■ What to do
Starting with the first line of the records, write out each line exactly until you have included the line containing "520 Silvertip Ln — Photo 29".

■ Data excerpts
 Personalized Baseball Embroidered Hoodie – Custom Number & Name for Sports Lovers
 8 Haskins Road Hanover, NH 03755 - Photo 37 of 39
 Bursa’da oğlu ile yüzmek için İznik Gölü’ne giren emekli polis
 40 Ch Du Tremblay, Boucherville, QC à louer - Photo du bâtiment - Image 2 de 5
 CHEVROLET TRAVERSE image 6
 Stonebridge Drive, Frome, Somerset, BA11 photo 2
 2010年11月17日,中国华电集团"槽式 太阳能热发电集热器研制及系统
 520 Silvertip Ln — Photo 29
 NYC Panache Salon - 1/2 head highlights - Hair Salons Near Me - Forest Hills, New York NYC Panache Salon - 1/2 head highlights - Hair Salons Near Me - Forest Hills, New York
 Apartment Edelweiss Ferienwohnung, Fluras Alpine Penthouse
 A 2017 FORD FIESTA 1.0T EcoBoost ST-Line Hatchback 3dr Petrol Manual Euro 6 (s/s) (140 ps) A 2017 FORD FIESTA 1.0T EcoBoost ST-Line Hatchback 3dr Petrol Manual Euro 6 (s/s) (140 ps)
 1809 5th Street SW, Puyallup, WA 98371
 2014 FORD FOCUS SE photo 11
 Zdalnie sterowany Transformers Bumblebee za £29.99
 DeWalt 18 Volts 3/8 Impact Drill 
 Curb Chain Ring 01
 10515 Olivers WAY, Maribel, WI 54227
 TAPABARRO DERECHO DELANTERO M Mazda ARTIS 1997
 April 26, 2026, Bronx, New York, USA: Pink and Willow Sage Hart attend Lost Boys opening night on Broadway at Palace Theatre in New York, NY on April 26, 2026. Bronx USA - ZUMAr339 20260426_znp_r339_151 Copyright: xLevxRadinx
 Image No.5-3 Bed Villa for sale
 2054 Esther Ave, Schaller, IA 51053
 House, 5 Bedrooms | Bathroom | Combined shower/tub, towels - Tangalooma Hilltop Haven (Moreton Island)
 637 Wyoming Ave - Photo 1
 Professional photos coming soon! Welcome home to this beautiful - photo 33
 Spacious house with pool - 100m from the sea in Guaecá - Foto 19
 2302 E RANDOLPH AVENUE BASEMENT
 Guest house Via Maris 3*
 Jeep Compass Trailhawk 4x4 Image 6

■ Task output
 Personalized Baseball Embroidered Hoodie – Custom Number & Name for Sports Lovers
 8 Haskins Road Hanover, NH 03755 - Photo 37 of 39
 Bursa’da oğlu ile yüzmek için İznik Gölü’ne giren emekli polis
 40 Ch Du Tremblay, Boucherville, QC à louer - Photo du bâtiment - Image 2 de 5
 CHEVROLET TRAVERSE image 6
 Stonebridge Drive, Frome, Somerset, BA11 photo 2
 2010年11月17日,中国华电集团"槽式 太阳能热发电集热器研制及系统
 520 Silvertip Ln — Photo 29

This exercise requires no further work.